A TFP: um “Alcácer ideológico”

Isto, que se passou com eles, pode se passar em nós: a graça pode nos colher e nos transformar em heróis.

Realmente a vocação de um membro de “Catolicismo” é para herói de Alcácer. A TFP é um “Alcácer ideológico”.

Tudo quanto se conta daquela fortaleza sitiada é, na ordem moral, comparável ao nosso lutar tremendo, aos nossos esforços e às nossas reações, etc. É preciso, portanto, que peçamos este amor à cruz que naquela gente inopinadamente se tornou tão insigne.

Eu diria: “Bem, o povo espanhol é muito heróico etc., etc.” E responderia: “É muito heroico, mas sabe fugir também! A Espanha não é a terra só de D. Quixote mas também de Sancho Pança. E, no mundo inteiro, há Sanchos Pança: não se escapa disto”.

Mais ainda: o general que comandou a defesa do Alcácer de Toledo, terminada aquela epopeia, ele se "Sanchopancizou" de novo! Porém, na epopeia, foi um grande homem e houve verdadeiras maravilhas ali.

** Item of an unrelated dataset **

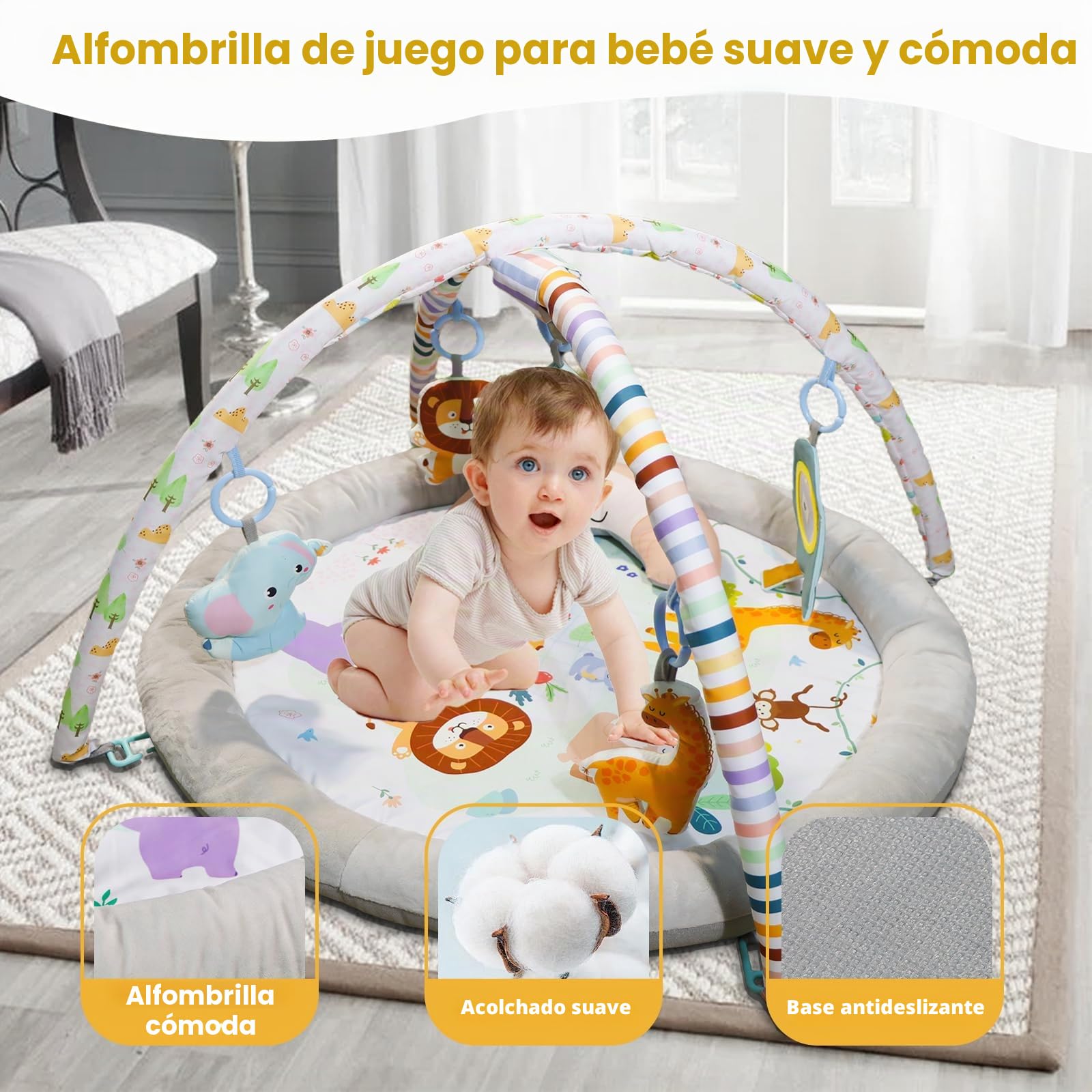 Baby Play Mat, Gym Play Mat for Newborn to 36 Months, with Hanging Toys, Tummy Time Pillow, Comfy Baby Mats, Floor Play, Activity Gym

É um exemplo concreto de amor à cruz e, de outro lado, de como é sobrenatural este amor e como eleva a pessoa, de repente, por uma graça de Nossa Senhora.

Até sugeri que se repetisse a conferência sobre o Alcácer de Toledo para outros porque tenho certeza que aproveitarão muito em tomar conhecimento dos feitos de heroísmo que naquele lugar ocorreu.